A
Simple Random Sample (SRS) is the type of sample used almost
exclusively in
statistics. It involves identifying a
population (the
entire group of
individuals you wish to
report data on) giving each a
number, and then picking numbers randomly to create a
sample. Nowadays, picking
random numbers is generally done by
computers, but thats only
pseudorandom; if you want to be
hardcore,
RAND Corporation publishes a book entitled
One Million Random Digits containing (you guessed it) one million
random digits.
One important thing to note about an SRS is that while many people will define it as being a sample in which each individual from the population has an equal chance of being picked, this is only half of the definition; the more accurate definition is that every possible sample has an equal chance of being the sample.

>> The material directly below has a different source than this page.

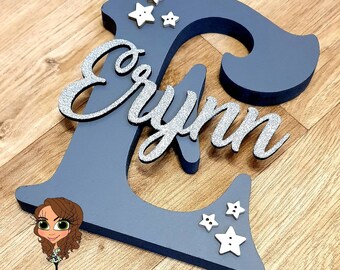 Freestanding Wooden Script Name Letter Personalised decor bedroom nursery gift new baby plaque keepsake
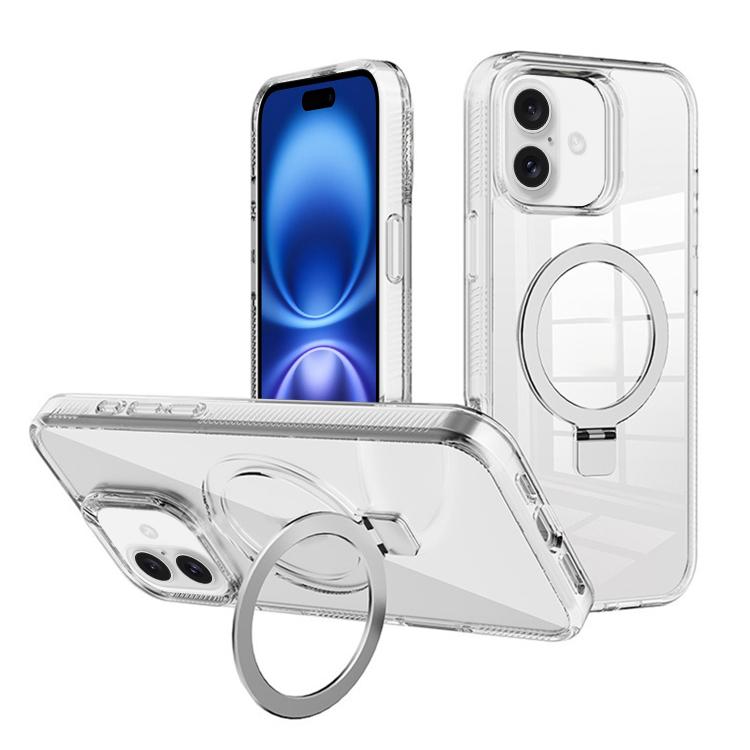

For iPhone 16 Plus Kalebol MagSafe Holder Simple Clear TPU Phone Case(Transparent)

To understand the difference, consider the following situation. Let's say you want to find out the mean weight of bowling balls. Bowling balls, in our imaginary world come in blue and red. 70% of all bowling balls in this world are red. The other 30% are blue. Picking 7 red balls and 3 blue balls does not make a simple random sample, even though each ball will get representation in the sample equal to its proportion of the population (this is a stratified random sample, actually). In a simple random sample, it would be possible (though unlikely) that you would get ten blue balls. This is the essence of a simple random sample - every possible sample has an equal chance of being the sample you pick.
A simple random sample is more or less the only type of sample permissible in most statistical calculations. This is also why you shouldn't trust statistics from call-in polls, standing-around-in-the-mall-asking-people-to-fill-out-a-survey polls, etc. - they're going to be very biased and unrepresentative of the population.